El reportaje es construido, básicamente a partir del testimonio de protagonistas y mediante el uso por el autor de la primera persona del singular, práctica compleja que Julio A. Martí hace funcionar sin sobresaltos y que en un cometido de tanta tensión como la indagación de hechos tan impactantes, va a aportar un elemento de confiabilidad. Cada vez que el reportero escribe “Me dijo”, llega al lector el directo contacto con las personas que protagonizaron los hechos, es convertido en un testigo de los acontecimientos. Es de este modo que el autor enlaza unas a otras breves declaraciones dichas y trascriptas en lenguaje sencillo, cotidiano, de manera que el relato fluye con total naturalidad, revelando al sorprendido lector como pueden a veces esconderse propósitos y actos infames tras la neutra fachada de la cotidianidad que todos compartimos, sin que la realidad estalle.

Una sensibilidad de amplio diapasón para la diversidad del lenguaje del país salva el primer escollo que podría afrontar un libro de esta índole, de asumir como válida la norma expresiva del comunicador profesional o, llegando a límites caricaturescos, exagerar modos de habla para provocar reacciones previsibles en el lector, especialmente en el caso de los personajes de extracción marginal. Estas páginas se enriquecen con la multiplicidad de voces que, hasta donde lo admite la viabilidad comunicativa,  el escritor reproduce íntegras. Cuando habla el delincuente, cuando lo hacen el oficial o el jurista, cuando es el campesino  el que se expresa, Julio Martí ha logrado captar el modo preciso, el giro único que se revela en apenas un instante, sin darse a un mimetismo de falsa autenticidad, ni tratar de reinterpretar lo dicho para un lector en apariencia neófito.
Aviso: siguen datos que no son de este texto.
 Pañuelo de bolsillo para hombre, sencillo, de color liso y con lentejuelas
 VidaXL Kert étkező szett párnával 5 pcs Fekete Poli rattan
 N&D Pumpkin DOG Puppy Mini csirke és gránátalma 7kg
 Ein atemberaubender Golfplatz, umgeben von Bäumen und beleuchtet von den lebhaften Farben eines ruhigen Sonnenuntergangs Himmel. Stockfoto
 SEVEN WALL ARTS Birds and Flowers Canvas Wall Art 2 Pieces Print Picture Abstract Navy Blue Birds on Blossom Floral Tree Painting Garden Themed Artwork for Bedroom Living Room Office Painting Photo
Del ritmo narrativo, ya mencionado, debe aun destacarse el sorprendente dinamismo en la secuencia -virtualmente cinematográfica en la fragmentación de planos- que deja constancia de las primeras horas del amanecer posterior al asalto (páginas 87-89), a partir del momento en que uno de los involucrados comete una indiscreción en un parque de La Habana, hasta que el grupo se traslada hacia la localidad de Boca de Mariel. Resulta notable que, en contraste, la captura de los asaltantes en esta población costera, resuelta por el autor de manera escueta, en un relato lineal, brillante por su simplicidad, donde es obvio el propósito de no impresionar al lector con un despliegue emotivo de acciones policiales. Más adelante, la aprehensión de los últimos evadidos en la distante Sierra Maestra resulta  otro de los momentos de elevada tensión narrativa de este libro, dispuesto en cuatro páginas (109 a 113) que probablemente puedan considerarse entre los más formidables relatos de la épica rural en Cuba. Su lectura hace rememorar algunas obras de ficción dedicadas a la lucha contra bandidos que se sostienen asimismo en el patrimonio histórico; mientras, del lado de la ficción viene al encuentro nuevamente Onelio Jorge Cardoso, cuyo cuento de 1954, “En la caja del cuerpo”, parece animado por parecidas emociones.
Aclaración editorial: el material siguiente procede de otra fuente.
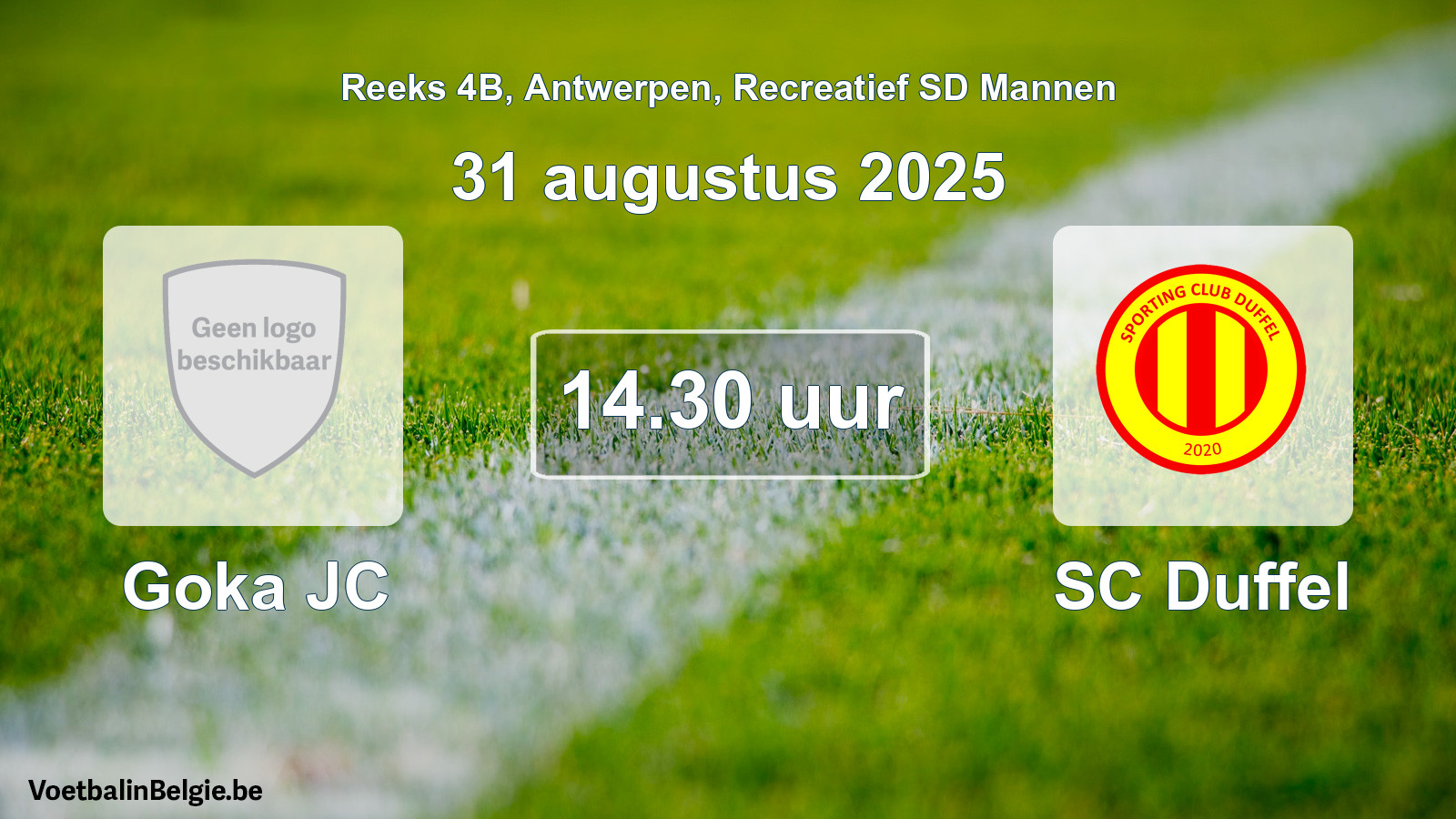 Geplande wedstrijd recreatief sd mannenvoetbal: Goka JC - SC Duffel (31 augustus 2025)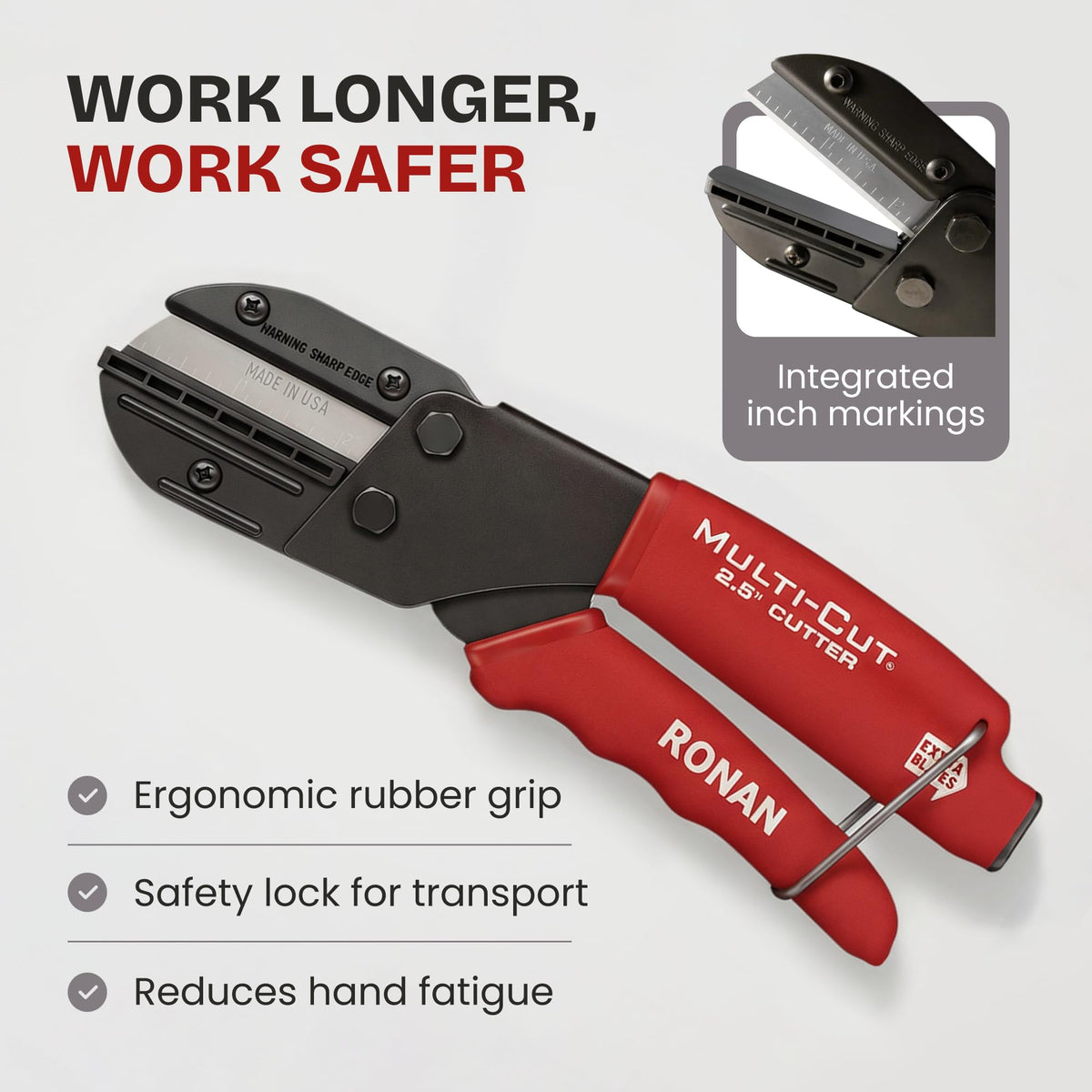 Ronan Multi-Cut durable plastic body resists wear in tough environments.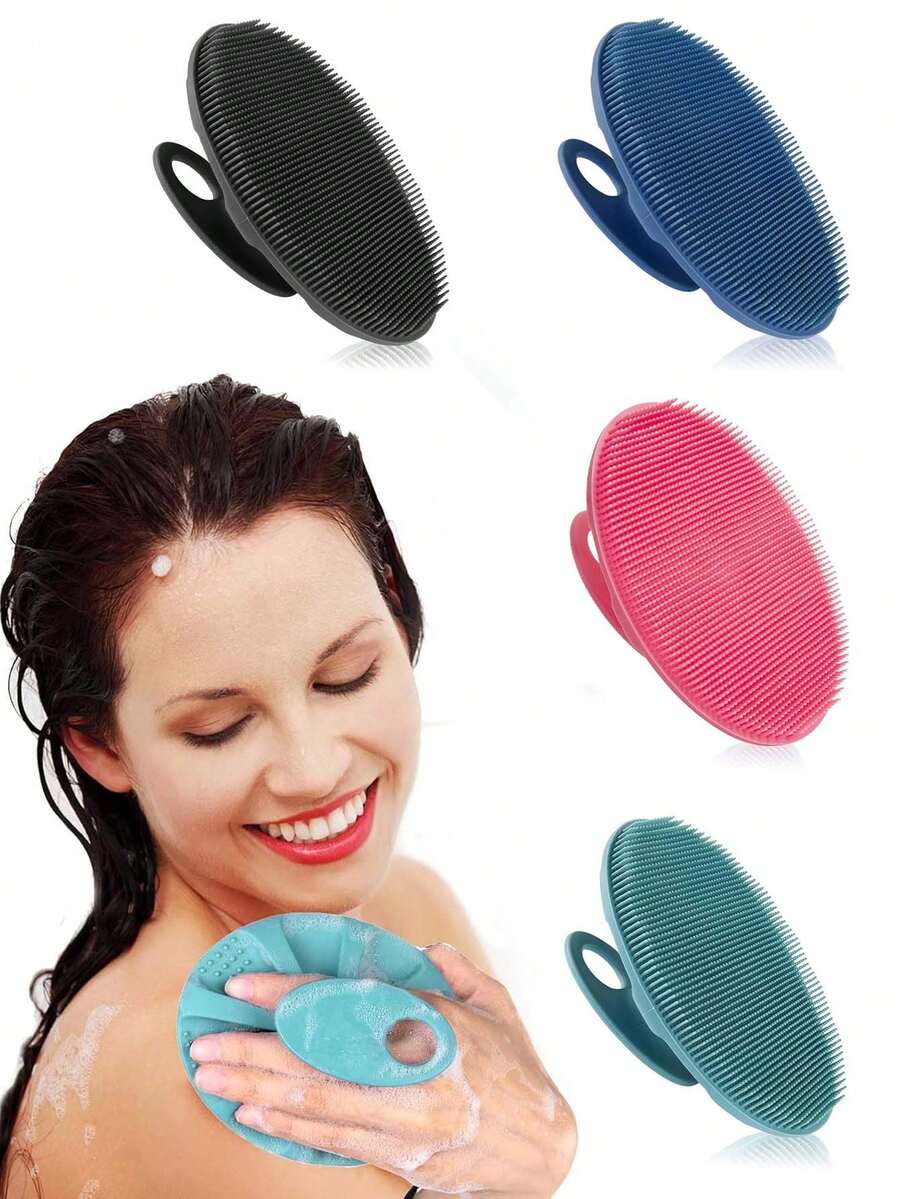 Soft Silicone Handheld Shower Brush, Gentle Exfoliating And Massaging For All Skin Types (Black) - Solid Color - View 1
Texto de elevado periodismo, además de relevante contribución al conocimiento de la historia cubana en la lacerante última década del siglo XX, La madrugada de los perros nunca será un libro para la amable lectura de los asuetos. Obra en absoluto fuera de modas y planes editoriales, permite entretanto constatar que la sociedad humana es más compleja que las más elaboradas teorías sociales, que la historia se construye también fuera de los inspirados discursos, y que el hombre común es su más verdadero, comprometido e inevitable protagonista.

© Ismael León Almeida. La Habana, 2011.

Julio A. Martí: La madrugada de los perros. Editorial Capitán San Luis, La Habana, 2008, 2018.